◆ Task statement
Reproduce the data exactly and drop any pictures it holds.

◆ Records for this exercise
════════════════════
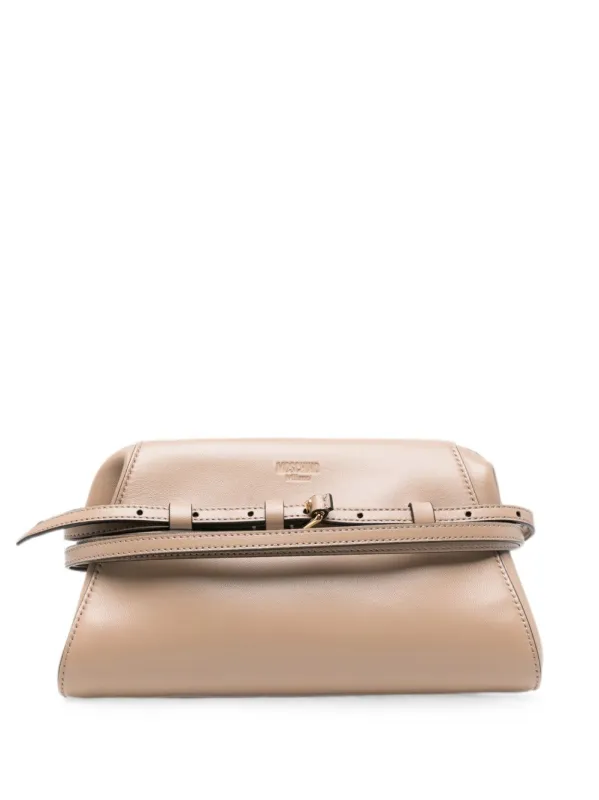 Tie Me Leather Clutch made by Moschino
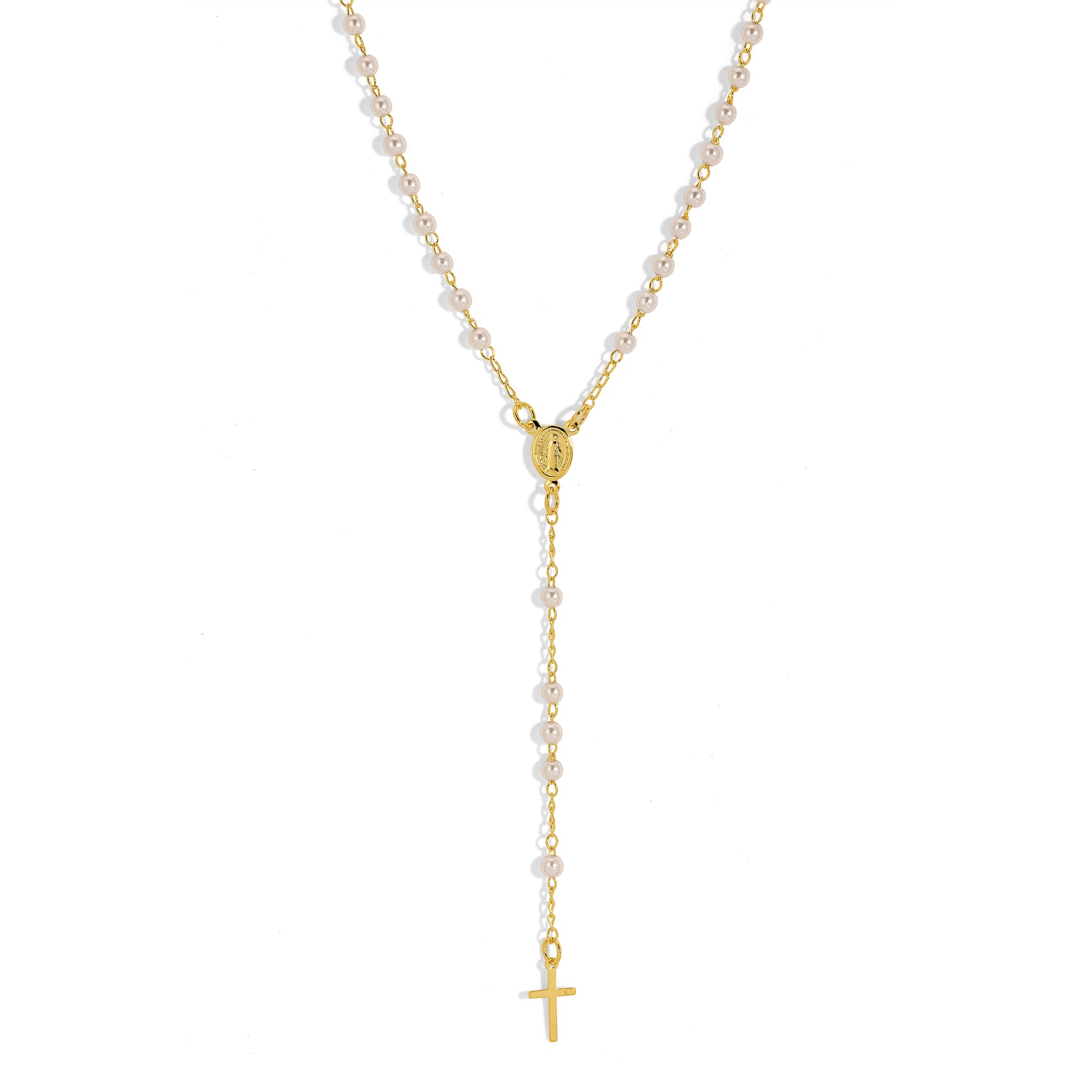 Pearl Rosary w Virgin Mary NECKLACES JOY DRAVECKY Default Title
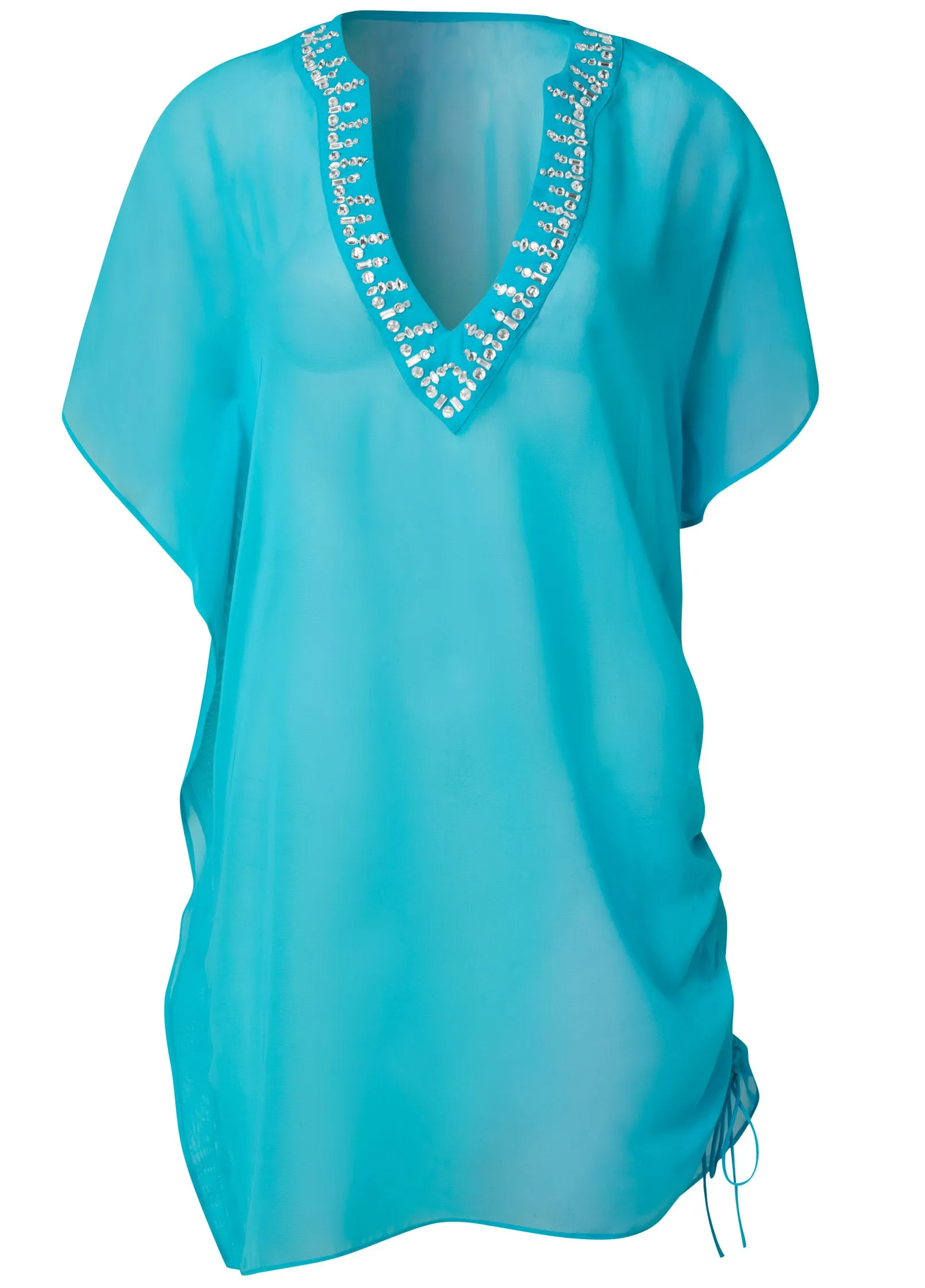 Adjustable Jeweled Tunic - Aqua Reef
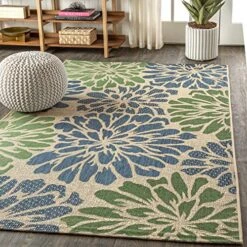 JONATHAN Y SMB110B-8 Zinnia Modern Floral Textured Weave Indoor Outdoor Area-Rug Bohemian Coastal Easy-Cleaning Bedroom Kitchen Backyard Patio Non Shedding, 8 X 10, Navy/Green -Safavieh Furniture 61k5jEMM3XL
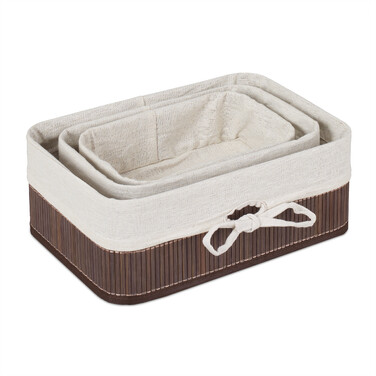 Relaxdays Aufbewahrungskorb 3er Set Bambus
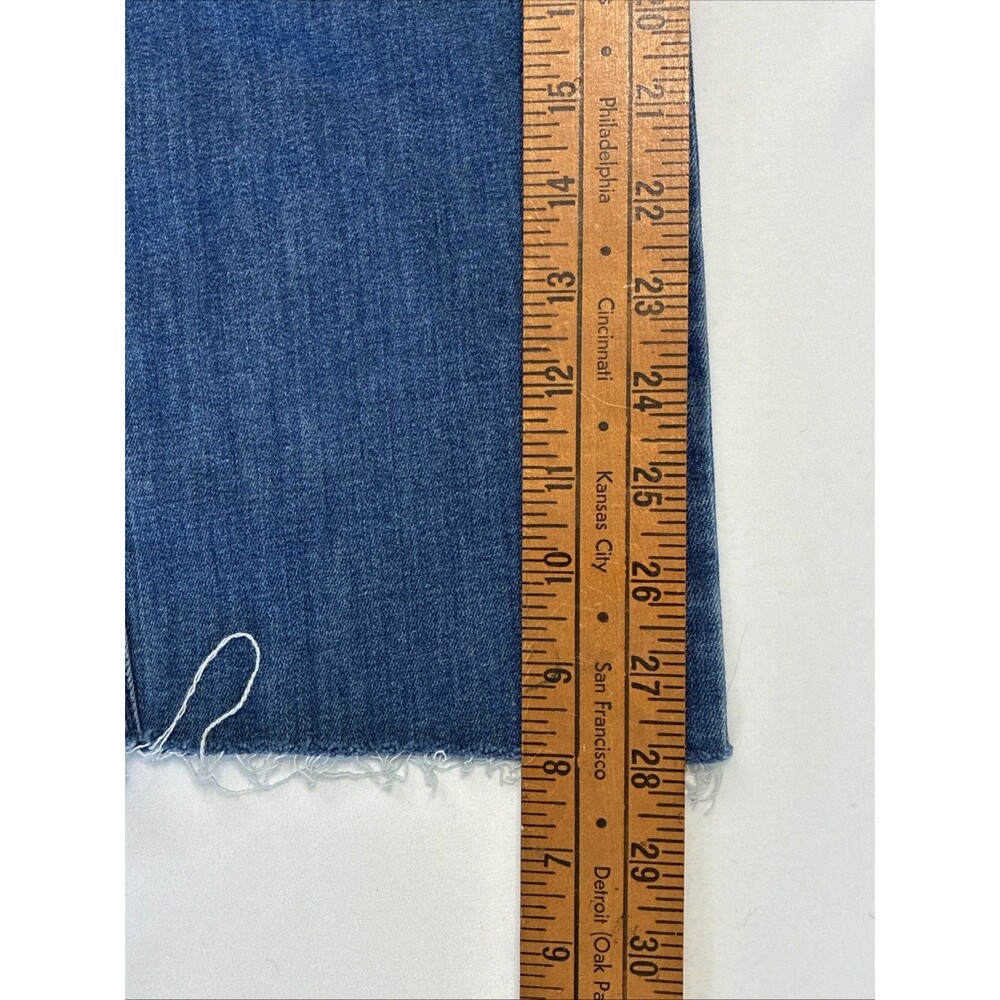 7 For All Mankind Raw Hem Straight Leg Jeans Women Size 33 Cut 28" L Blue Grunge - Picture 11 of 16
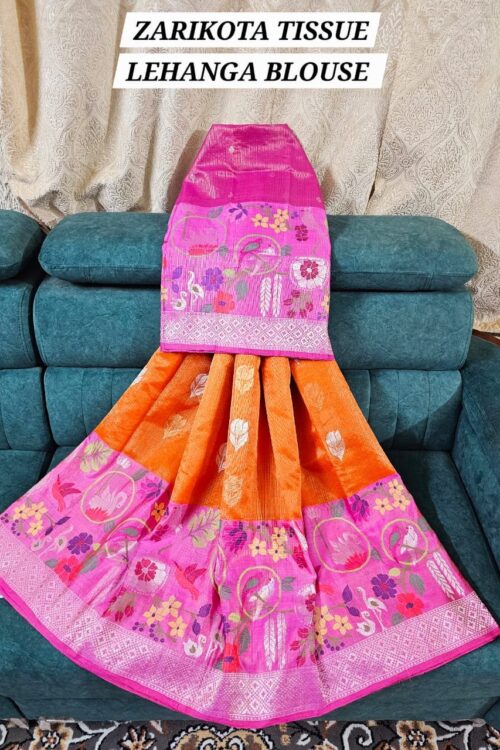 PURE ZARIKOTA HANDLOOM LEHANGA MATERIAL SET – L145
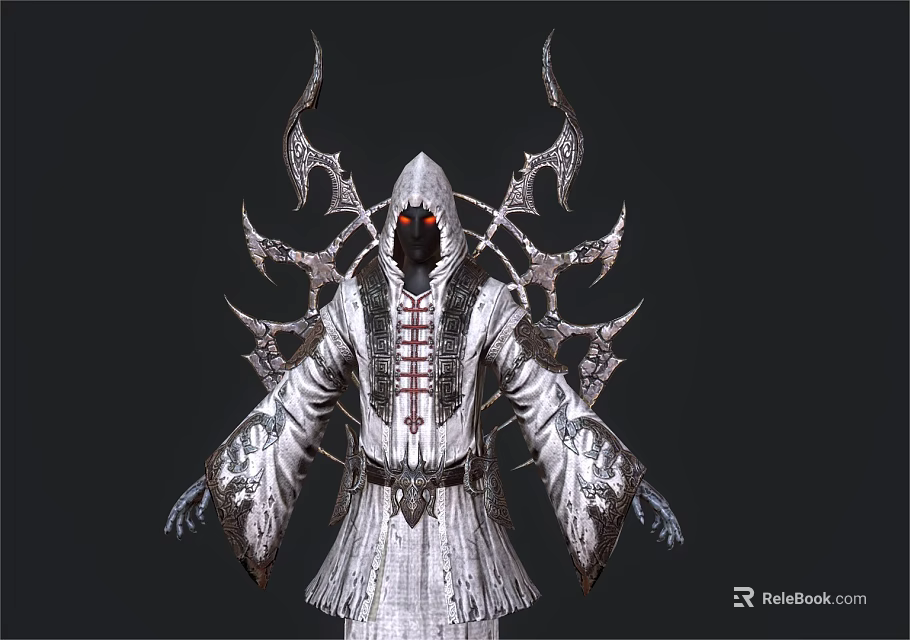 Hooded Dark Fantasy Game Character With Red Glowing Eyes Intricate Robe And Demonic Back Structures 3d model 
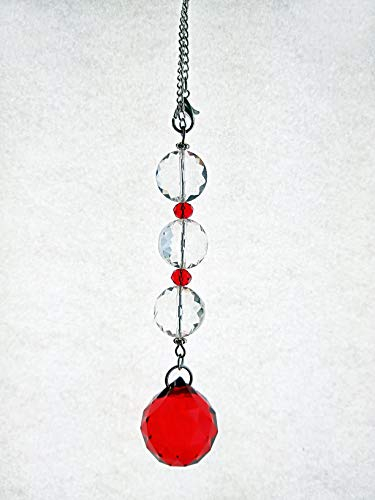 Ornamento móvil con la esfera de cristal facetada roja, Feng Shui, Adorno de ventana, Energía positiva, Luz del arco iris, Esfera arcoíris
════════════════════
◆ Finished task
 Tie Me Leather Clutch made by Moschino
 Pearl Rosary w Virgin Mary NECKLACES JOY DRAVECKY Default Title
 Adjustable Jeweled Tunic - Aqua Reef
 JONATHAN Y SMB110B-8 Zinnia Modern Floral Textured Weave Indoor Outdoor Area-Rug Bohemian Coastal Easy-Cleaning Bedroom Kitchen Backyard Patio Non Shedding, 8 X 10, Navy/Green -Safavieh Furniture 61k5jEMM3XL
 Relaxdays Aufbewahrungskorb 3er Set Bambus
 7 For All Mankind Raw Hem Straight Leg Jeans Women Size 33 Cut 28" L Blue Grunge - Picture 11 of 16
 PURE ZARIKOTA HANDLOOM LEHANGA MATERIAL SET – L145
 Hooded Dark Fantasy Game Character With Red Glowing Eyes Intricate Robe And Demonic Back Structures 3d model 
 Ornamento móvil con la esfera de cristal facetada roja, Feng Shui, Adorno de ventana, Energía positiva, Luz del arco iris, Esfera arcoíris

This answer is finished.